At least for the US government, that's not going to happen. The government controls the servers is a non-negotiable contract term. We even have our own AWS regions for US government work.
Nah, that's looser than you think. Contractors deploy to the government cloud regions on AWS and Azure all the time. There's no reason GitLab can't become a qualified contractor and gain access.
The government cloud regions are way more about meeting compliance with all levels of FedRAMP and DoD requirements. Such as exclusively only US Citizens may access the systems even on the cloud hosts staff (so no foreign/remote/visa employees) and a whole list of other requirements both big, small and annoying (like FIPS) that affects everything from software to the physical building.
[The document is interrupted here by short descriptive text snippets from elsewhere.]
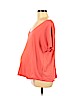 Old Navy - Maternity Orange Short Sleeve T-Shirt Size M - photo 1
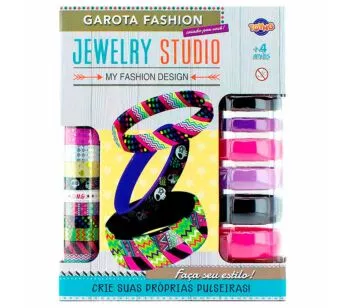 Kit Bijuterias Infantil - DIY - Jewelry Studio - Pulseiras - Toyng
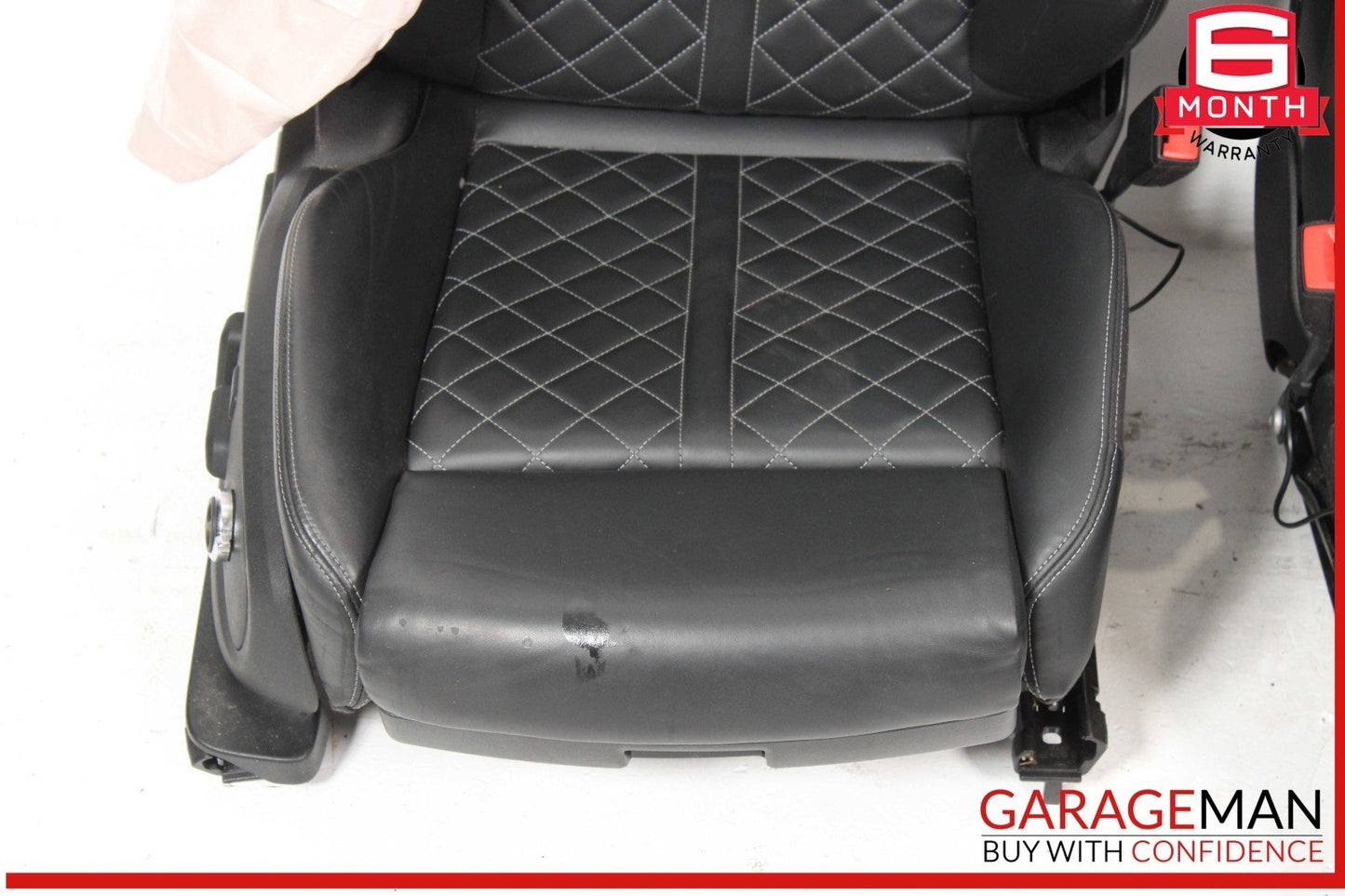 18-24 Audi S5 Sportback Front Left & Right Seat Leather Set of 2 Pc OEM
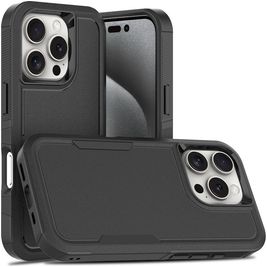 Mobigear Heavy Armor Coque iPhone 16 Pro Coque arrière Rigide Anti-Chocs - Noir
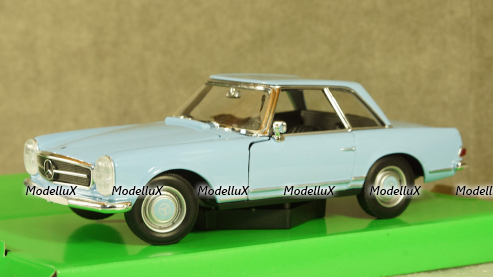 Mercedes 230 SL (W113) light blue, Welly 1:24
GitLab has already confirmed in comments here that removing self-hosted isn’t something they’re going to do.
That said, as you note yourself, the government is perfectly fine w/ not controlling the servers. GitLab could offer single-tenant (or heck, even multi-tenant) SaaS in AWS GovCloud and sell to government customers.
I bet differently. Gov CIOs are being forced to adapt to rapid business solutioning and minimal overhead. It takes years to operationalize a Gitlab instance, and then requires permanent O&M less adaptive to IT cultural shift.
Gov IT leaders will move to Gitlab SaaS overnight, once it's FedRAMP approved and migration is enabled through a click of a button.
Maybe less favorable for AWS and their contracts oriented to long-term gov owned compute.
There’s plenty of people that want dedicated deployments without having to manage the details of the deployment and upgrades. Especially those that already run their core on one of the target cloud platforms.